There is a universal pattern of gender role expectations that can be elaborated, adopted and accepted by every society. This can help girls and women participate as equal citizens, and can reduce violence against girls and women as well as boys and men. But the challenge is to define positive male and female gender roles that will replace those that are now ‘not working’ in our society.

Among the contributors to the discussion, Malaak Zalouk described the challenge: “It is not only that we affix specific gender roles from birth and that we expect each of the gender roles to present discrete and pure models; we also create a hierarchy of masculine and feminine traits regardless of who they are attributed to.
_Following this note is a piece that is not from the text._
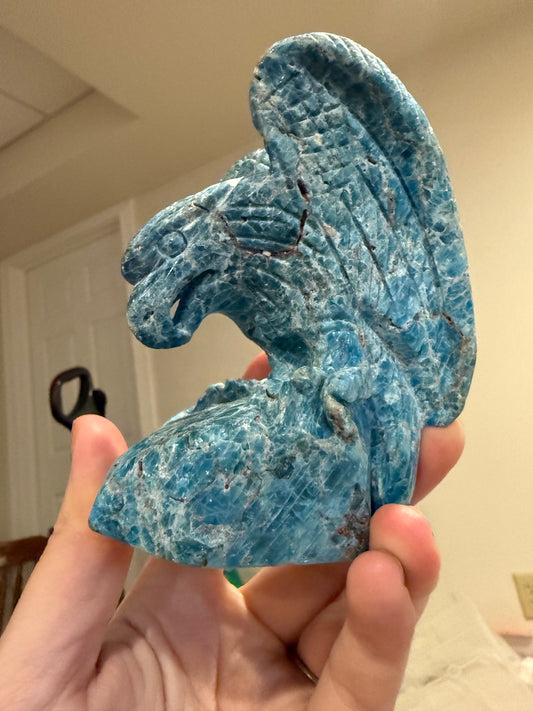 Apatite Eagle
In other words, being tough (a masculine trait) is usually ranked as a more elevated trait than being considerate in the global value system of today …whereas being loving, sensitive or considerate is viewed as weak, and of course more so for men. The same is true of the dichotomy between being rational and intuitive. The assumption seems always to be that these are mutually exclusive traits.” Zalouk concluded that research indicates that the most creative human beings are able to combine femininity and masculinity in equal measure.

Jennifer Strauss commented: “We need to emphasize the common (across gender) activities and interests of children as well as honouring their differences – if we do so we may be able to reduce levels of gender hostility later in life.”

CONCLUSION

The shifting of gender roles in the past 30 years has been huge. It has happened so quickly that men and women are still trying to sort out what the new roles and rules mean to them. Although women are no longer expected to be the keepers of the house, in reality, they are in most families. Although men are generally open to the successes enjoyed by the women they share their lives with, some still find it hard to celebrate a woman's triumphs because they feel it diminishes their own.

However, rather than blaming each other for the situation, men and women are increasingly willing to work together to learn about their new roles. Successful marriage partners learn to negotiate and share tasks. Managers take employees aside and tell them when comments are inappropriate. It will take time to sort out all the implications of the changing gender roles, but new expectations should result in better workplaces, better relationships, better schools, and better lives.